De facto, no acórdão de 1.ª instância afirma-se com clareza que há lugar a

fiscalização prévia atendendo a que, para além de celebrado por entidade

sujeita à jurisdição e poderes de controlo do Tribunal de Contas, de abrangido

pela competência material essencial deste Tribunal tal como definida nos

artigos 2.º, n.º 1, alínea c), e 5.º, n.º 1, alínea c), da LOPTC e de gerador de

uma despesa superior ao limiar legal para essa fiscalização, o contrato

programa em causa traduz substancialmente uma aquisição de serviços de

recolha de resíduos sólidos urbanos, de manutenção geral da higiene e limpeza

do município e ainda de gestão do seu canil/gatil, mediante o pagamento de

uma contrapartida. Assim, concluiu-se que, traduzindo o contrato

efectivamente uma prestação/aquisição de serviços ou, em geral, aquisições

patrimoniais, está sujeito a controlo prévio deste Tribunal, por força da alínea

b) do n.º 1 e do n.º 2 do artigo 46.º e do artigo 48.º da LOPTC, conjugados

com o artigo 145.º da Lei n.º 66-B/2012, de 31 de Dezembro.

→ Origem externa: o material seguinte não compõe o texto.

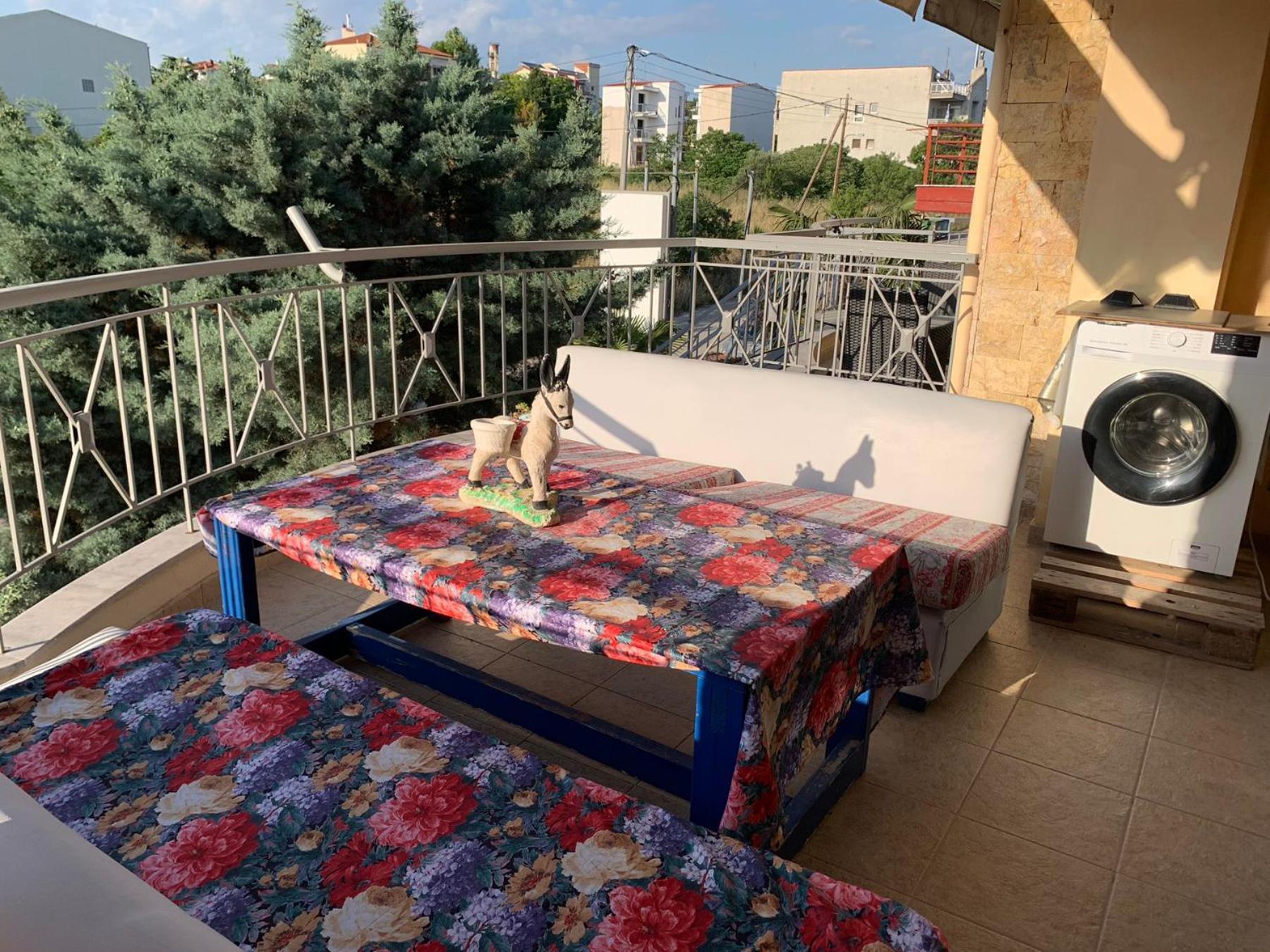 Roses Apartments 尼亚米卡尼奥纳 外观 照片
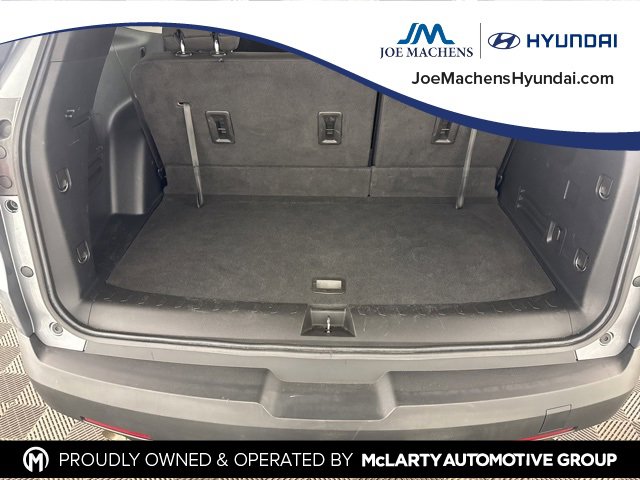 Used 2020 Chevrolet Traverse LS image 24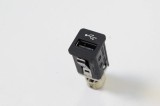 Port USB/AUX-In BMW 7 F01, F02 2011 OEM: 9167196 10004366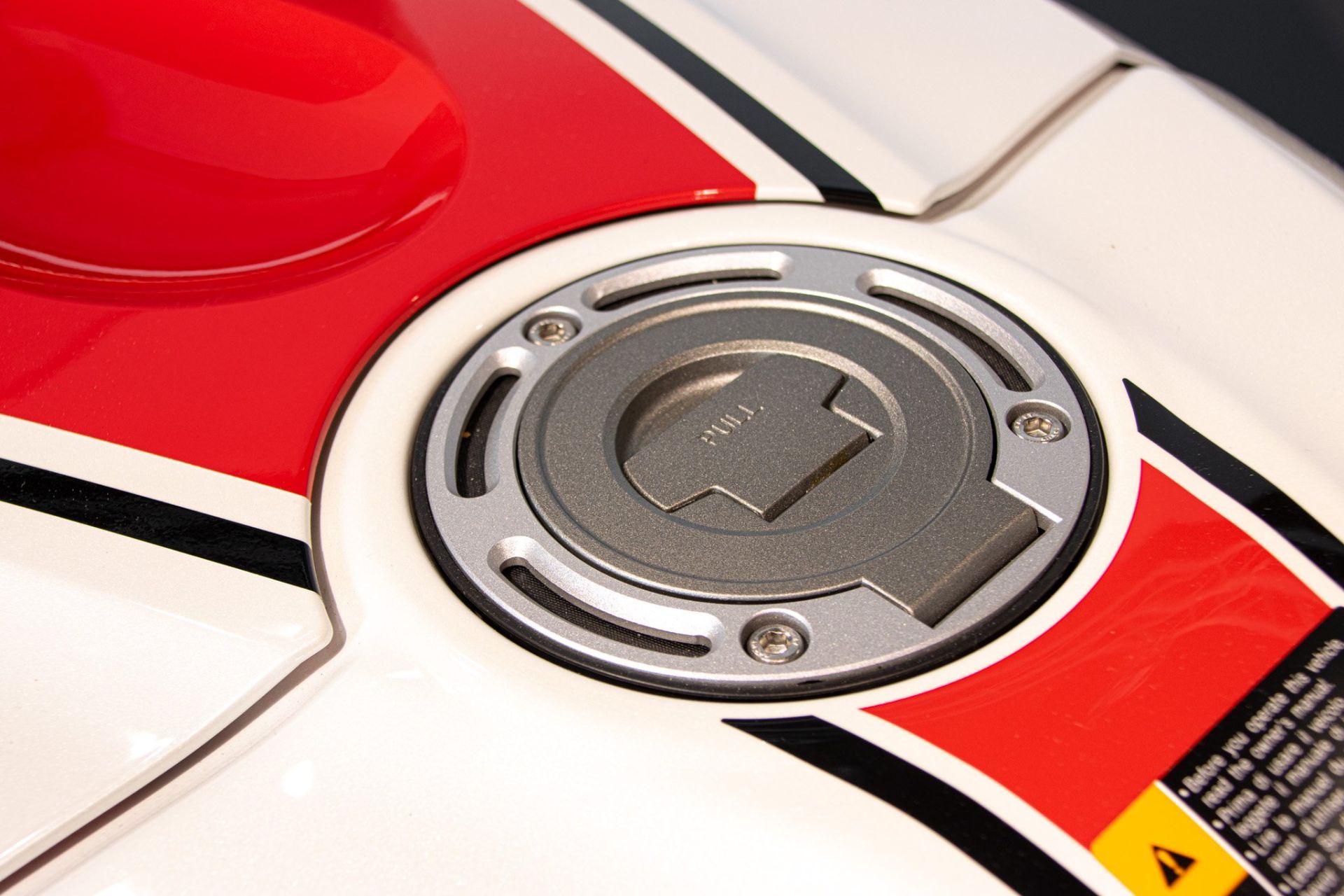 2023 YAMAHA R1 60°th ANNIVERSARIO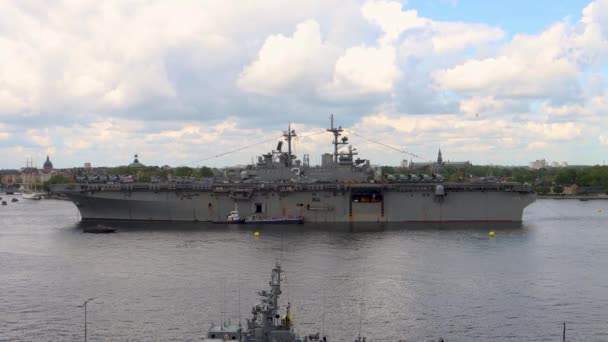 Schlachtschiff Uss Kearsarge Und Kleinere Boote Bewölkten Tag Stockholm — Stockvideo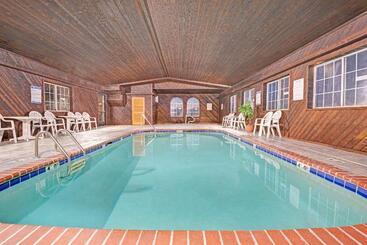 فندق Days Inn By Wyndham Laramie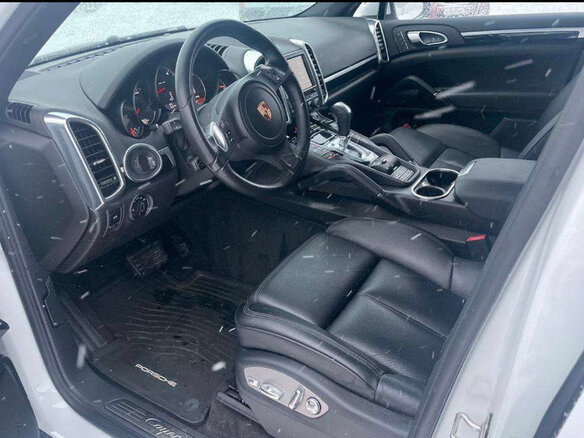 2012 Porsche Cayenne Diesel II (958), белый, 2590000 рублей - вид 8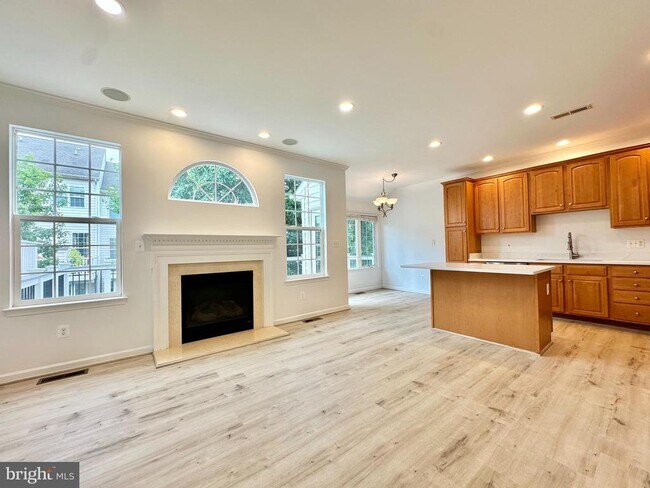 Building Photo - 20168 Plum Ridge Terrace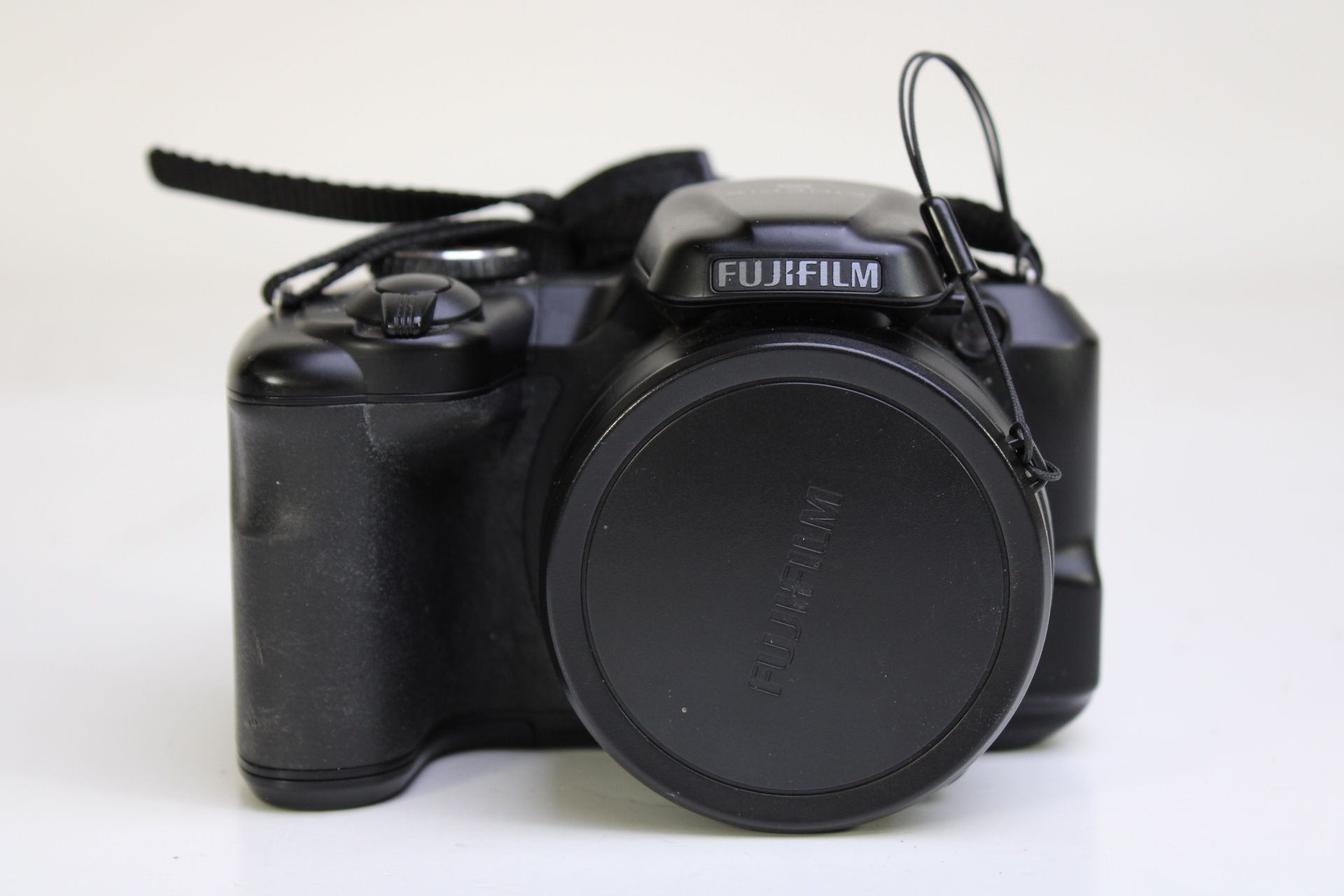 Fujifilm FinePix S8600 16 MP 720p HD Digital Point-And-Shoot Camera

Nada do que o recorrente veio alegar é suficiente para contrariar este

entendimento.

Como tem sido afirmado em vários arestos deste Tribunal, o regime jurídico da

actividade empresarial pública local impõe que quaisquer transferências

financeiras para as empresas municipais, destinadas ao respetivo

financiamento, estejam necessariamente associadas a contrapartidas de serviço

público, obrigatoriamente sujeitas a uma contratualização.

Desse modo, os contratos que titulem a atribuição municipal a empresas locais

de indemnizações compensatórias, de subsídios à exploração, de subsídios a

políticas de preços ou de subvenções à prestação de serviços de interesse geral

(conforme os casos), designados de contratos programa, de contratos de gestão

ou outros, são sempre substancialmente idênticos na sua natureza. Regulam

substancialmente a prestação de serviços públicos em condições

sinalagmáticas e a correspondente remuneração.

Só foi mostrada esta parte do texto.